Hockey, though, is a fairly universal culture.
“Lindy, coming over here, he’s pretty used to the North American lifestyle I guess with being over here for hockey,” Murphy said. “But there are still some things he needs to work on. He’s doing great, though.”
On the ice, the adjustment has been a bit frustrating for Lindholm, who has reaggravated a shoulder injury multiple times.
On Oct. 11 against Los Angeles, Lindholm left the game twice after absorbing crunching hits along the boards, and he’s been sidelined since. It was a tough break, considering Lindholm was coming off perhaps his best game as a Hurricane, as he scored a goal, won faceoffs at a 60-percent clip and played nearly 14 minutes against Washington the night before.
“I felt like I was playing good. That was kind of bad timing on that hit, but what can I do? I just have to keep working,” he said. “We tried some new shoulder pads, so hopefully that will help. I want to feel 100 percent when I’m coming back.”
In addition to an equipment tweak, the Canes fifth overall draft choice has talked with Rod Brind’Amour about what he can do in order to avoid re-injury.
“It’s kind of tough,” Lindholm said. “Everything happens so quick over here in the small rink.”
Not only does the pace of the game differ in North America, but the style is also dissimilar; as Lindholm has unfortunately experienced first hand, the physicality intensifies on the smaller ice surface.
“Here it’s battling in the corners, trying to get it to the net. It’s kind of different,” Lindholm said. “In the smaller rink, guys come on you quicker. That’s the biggest thing.”

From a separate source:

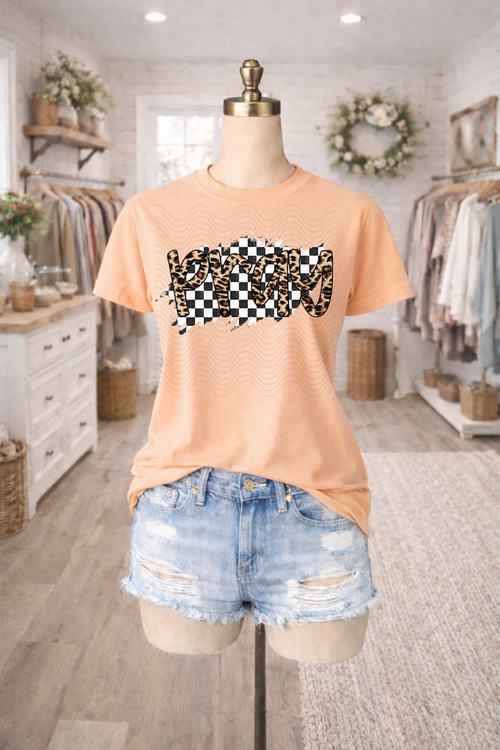 Load image 1 in gallery view. Checkered and Leopard Pray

“He has to get into those areas. He’ll go back in (to the lineup) when he’s ready to go back into the physical areas of the game. That’s his game. It’s just a matter of learning how to protect yourself better and receiving hits in contact,” head coach Kirk Muller said. “He has to go to the nets, go into the corner and dig it out. It’s more when he’s comfortable to do it, that’s when he’ll play again.”
Off the ice, the adjustment has been rather smooth for Lindholm, who has found commonality with fellow young guys Murphy and Skinner.

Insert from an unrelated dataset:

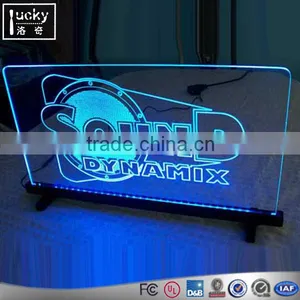 Edge Lit Acrylic Sign With Laser Engraver,3D Acrylic LED Sign Board thumbnail-1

“It’s been great. Young kids can watch out for each other and help each other out,” Lindholm said. “That’s been good for me, having guys my age.”

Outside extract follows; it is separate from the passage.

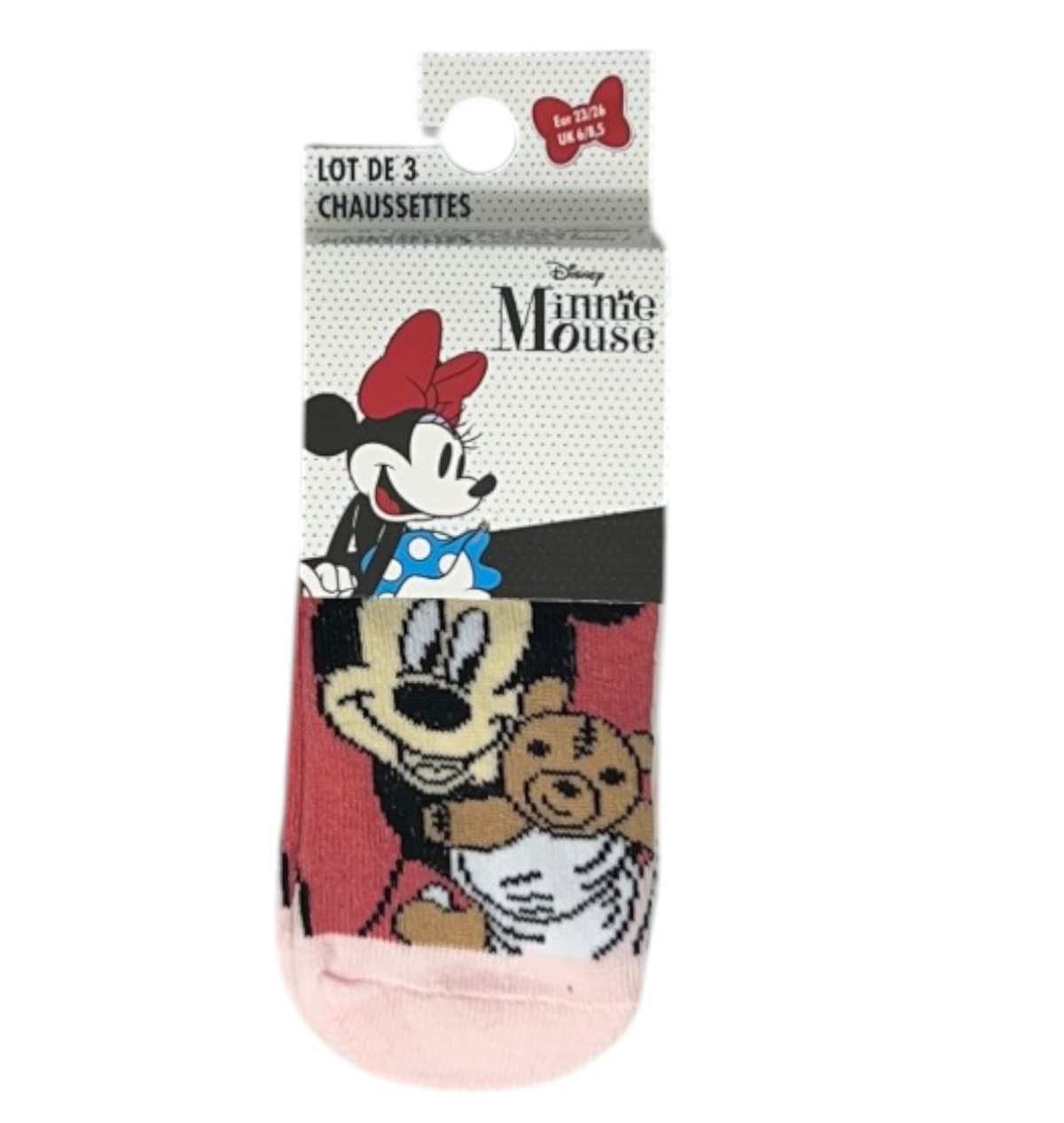 Calzini Minnie DISNEY in Misto Cotone 3 Paia Assortiti 23/34 - Ez06023/2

“Having younger guys to be able to talk to, and for myself, having him and Skins in the dressing room and the young guys on the team, it really helps you get adjusted to the dressing room and makes you feel like part of the team,” Murphy said.
Murphy, a 20-year-old rookie, noted that he played with Swede Gabriel Landeskog in Kitchener just a few years ago. Then and now, the situations bear resemblance.
“Lindy’s doing great,” Murphy said. “It’s funny when he messes up a couple of words, but we’re doing what we can to help him out.”
Now a multi-hour plane ride away as opposed to 10 minutes down the road, Lindholm’s parents visited North Carolina for around 10 days at the outset of the regular season, and they might return around Christmas.
So who buys dinner now that Lindholm has an NHL contract?
“I bought a couple of times, and they were like, ‘No, no you can’t buy every time.’ I think it feels pretty weird for them, but that’s how it works now,” Lindholm said with a smile.
Speaking of food, Lindholm, Murphy and Skinner, along with Riley Nash, went to the State Fair after practice on Monday. Pictorial evidence displayed Murphy and Nash’s dominance of carnival games, while Lindholm and Skinner explored different exhibits, such as the smallest woman in the world.
When asked how her size compared to Murphy, Lindholm cracked, “They were the same, I’d say.”
Murphy laughed and added, “But she towers over Gerbe.”
And the driver license test? Lindholm groaned.